BEGIN AVAILABLE DATA

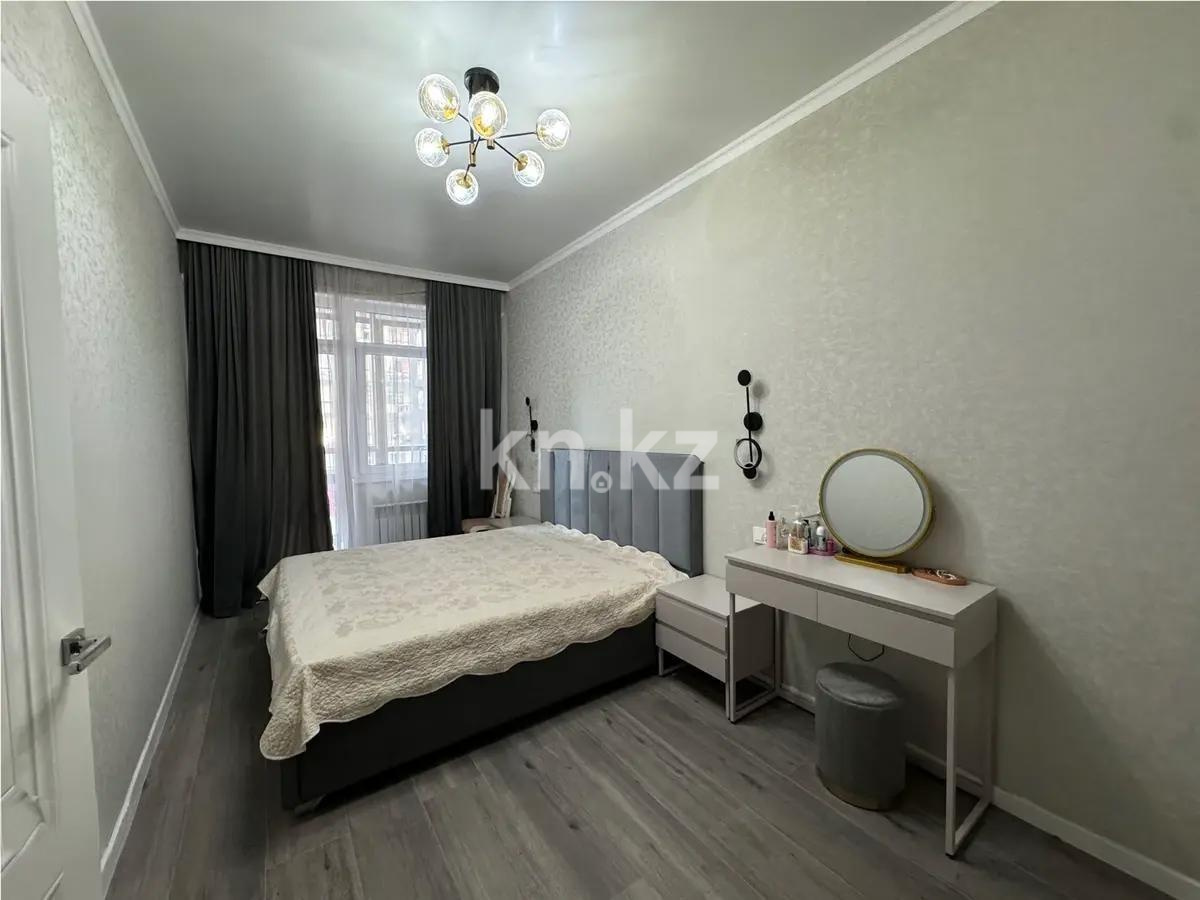 Продажа 3-комнатной квартиры, 65 м², пр. Абая, дом  164/7 в Алматы - фото 2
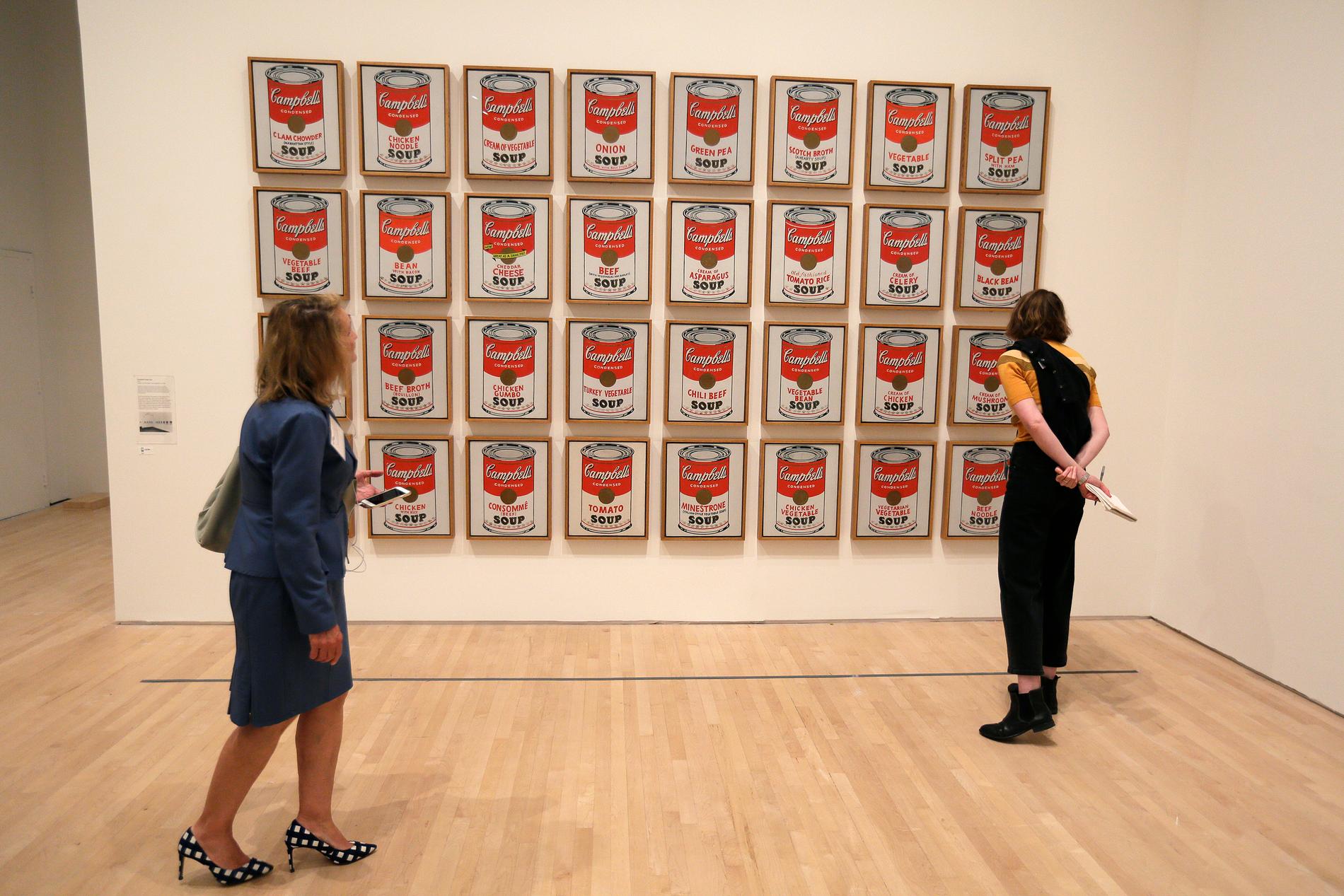 Andy Warhols kända "Campbell's Soup" på ett konstmuseum i San Francisco 2019.
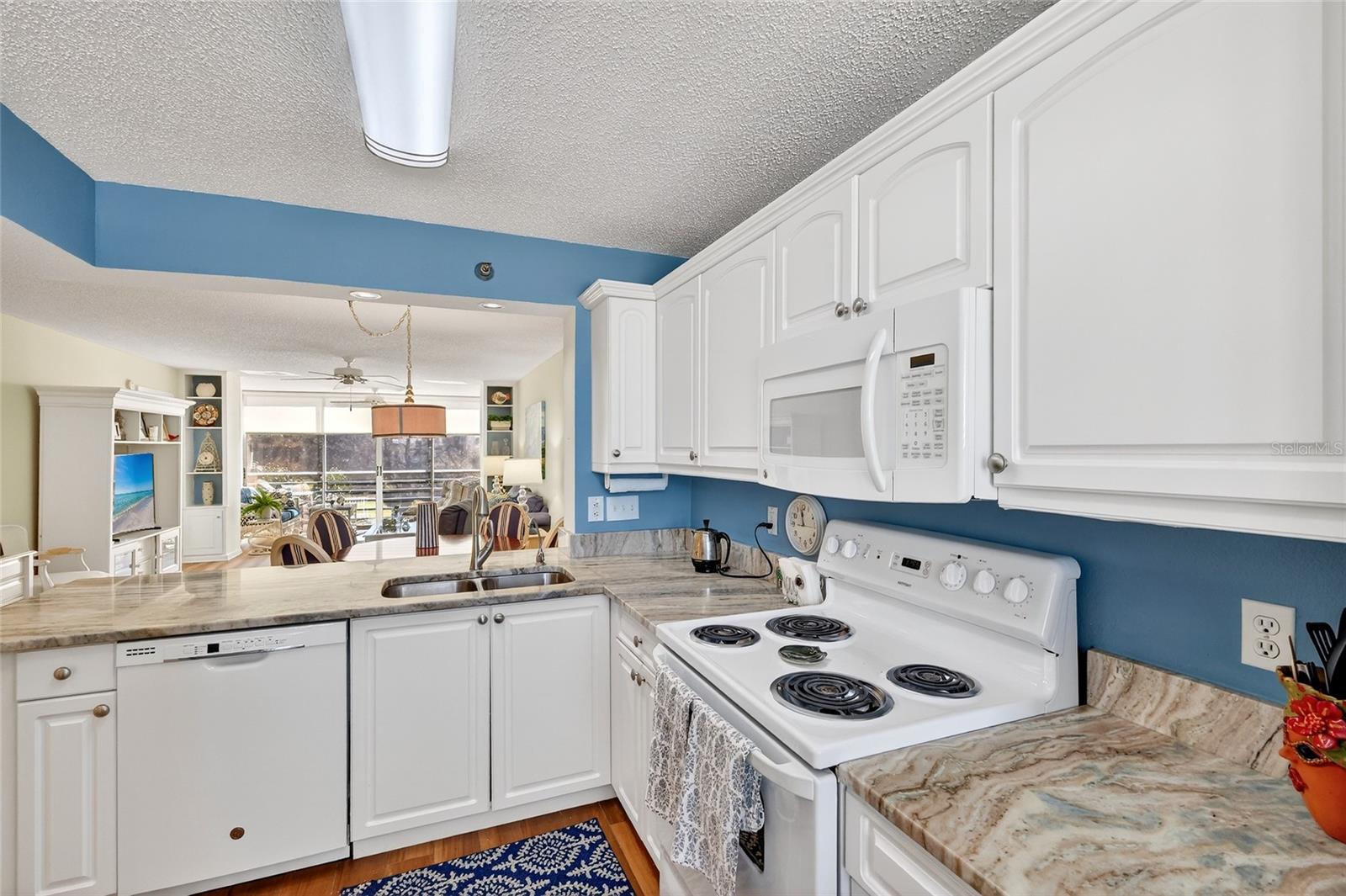 3750 PINEBROOK CIR #403, BRADENTON, FL, 34209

END AVAILABLE DATA

__ACTIVITY__
Any picture in the listing is to be omitted. Return exactly the lines from the one containing "Andy Warhols kända" through its last line, both included, and only those.

__ANSWER TO THE EXERCISE__
 Andy Warhols kända "Campbell's Soup" på ett konstmuseum i San Francisco 2019.
 3750 PINEBROOK CIR #403, BRADENTON, FL, 34209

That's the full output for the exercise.